For equal treatment under Israeli law

For equal treatment under Israeli law

This NY Times op-ed last week by an Arab citizen of Israel, married to a non-Israeli Palestinian, depicts in painful detail the inequities and indignities forced upon them–especially the unreasonable (even illogical) difficulties imposed upon them when entering the country from abroad.  The one thing he does not do is to provide context when he looks at the historical circumstances under which his grandparents were routed from Lydda, now Lod, by soldiers commanded by Yitzhak Rabin, during the 1948 war.  I say this not to justify the permanent exile of so many people at that time, but to indicate that there was a rational explanation: the need for Israel to avoid a potential threat in its rear while facing an onslaught from outside Arab armies. 

That the writer’s grandparents were among only 1,000 who were able to return, while 19,000 others became homeless and stateless refugees, remains a blot on Israel’s past.  That he and his wife cannot travel together today, is a blot on Israel’s present.  The past is past, and no full “right of return” can be enacted (especially to homes that mostly no longer exist) without impinging upon the rights of Israelis today, but unreasonable inequities in today’s law can and must be remedied to help Israel become a more just and harmonious society.  And the stateless refugees must be offered compensation and a variety of options for resettlement, including in the future state of Palestine alongside Israel.

In the meantime, the horrors of the occupation continue in the West Bank, as evidenced in videos of the violence of militant settlers.

By | 2012-05-31T13:32:00-04:00 May 31st, 2012|Blog|6 Comments

6 Comments

  1. DenverChuck June 1, 2012 at 6:57 pm - Reply

    Israel will forever have besmirched the memory of those murdered by the Nazis during the Holocaust by their ethnic cleansing of Palestinians and by their refusal to pass a law of return for those Palestinians and by their continued infliction of indignities on Palestinians as described here. I say this as an American Jew who will never claim my “right of Return” to Israel nor even visit Israel so long as Israeli Jews continue to oppress Palestinians and Israeli Arabs.
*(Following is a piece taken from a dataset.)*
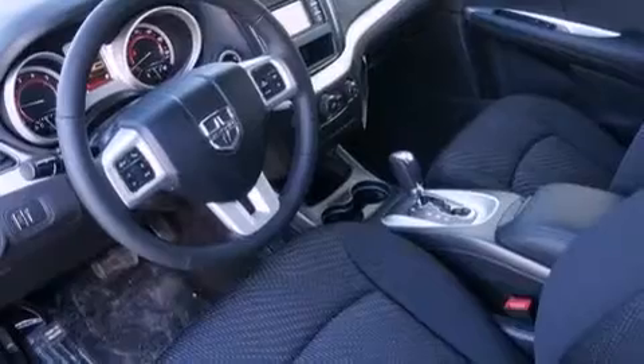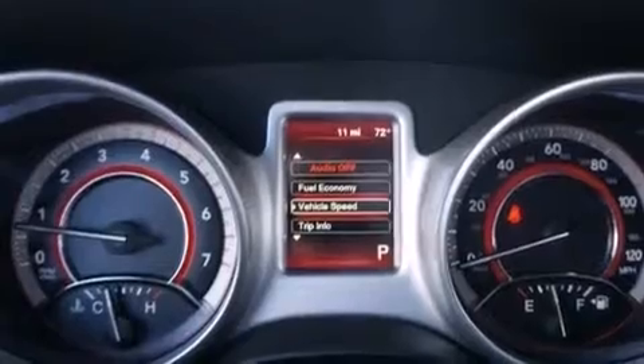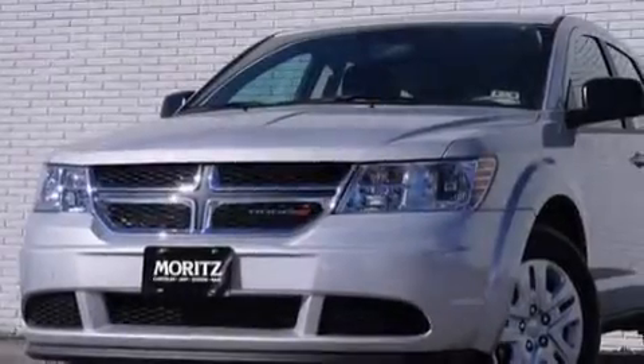The following features are also included: air conditioning, a pass-through rear seat, cruise control, a six-speaker audio system, a leather-wrapped steering wheel with audio controls, a passenger side airbag, rear seat child-proof door locks, steering wheel mounted controls, full power accessories, and an auxiliary power outlet.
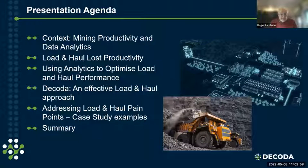For the agenda today, I'll first lay out the context about mining productivity and lost productivity, then talk in general terms about data analytics. We'll specifically go into load and haul lost productivity and how to use analytics to optimize load and haul performance. Then I'll talk about Decoder's approach, and Kurt will take us through a couple of real case study examples before we wrap up with a summary.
I voluntarily choose to do what Moses was obligated to do as result of the evil behavior of the Jewish People.

  2. Ralph Seliger June 1, 2012 at 8:09 pm - Reply

    Although I understand and respect the reason why “DenverChuck”has made this comment, the vehemence of his point of view saddens me. The history of this conflict is more complex than he allows.

    While one may feel outrage at wrongs committed by Israel in this conflict, one should not underestimate the life-or-death challenges posed by the Arab effort to destroy Israel at its birth in 1948, nor the many attacks which has taken so many Israeli lives since, even as they have also led to instances of injustice and inhumanity in return.

  3. Anonymous June 1, 2012 at 11:14 pm - Reply

    Yes Chuck, you may be aware that those native Americans were very belligerent and violent as well. Tried to strangle our young country at birth. White Americans were under great threat, attacks, scalpings, etc.. Algerians brutally attacked French also…

    There’s no accounting for the violence of those people. They just weren’t willing to live and let live. We can’t let them evade their very real responsibility in a complex situation.

    Ralph, Yousef Munayyer seems quite communicative, and interested in the historical issues. Why don’t you raise your misigivings with him?

    Ted

  4. Ralph Seliger June 2, 2012 at 3:08 am - Reply

    I don’t know of any Yousef Munayyer. I do know of Hajj Amin al-Husseini, the Grand Mufti of Jerusalem, who allied himself with Hitler and advocated genocide.

    Ted insists on trivializing the fact that Israel was founded by a people fighting centuries of oppression, who had to defend themselves but again against attacks that very nearly overwhelmed them in 1948. It was the Jewish defense against this assault that caused the Arabs of Palestine to suffer their great tragedy. I mourn their suffering and hope for something much better and more secure for both peoples in the future. Obviously, Ted can only see the right in one side.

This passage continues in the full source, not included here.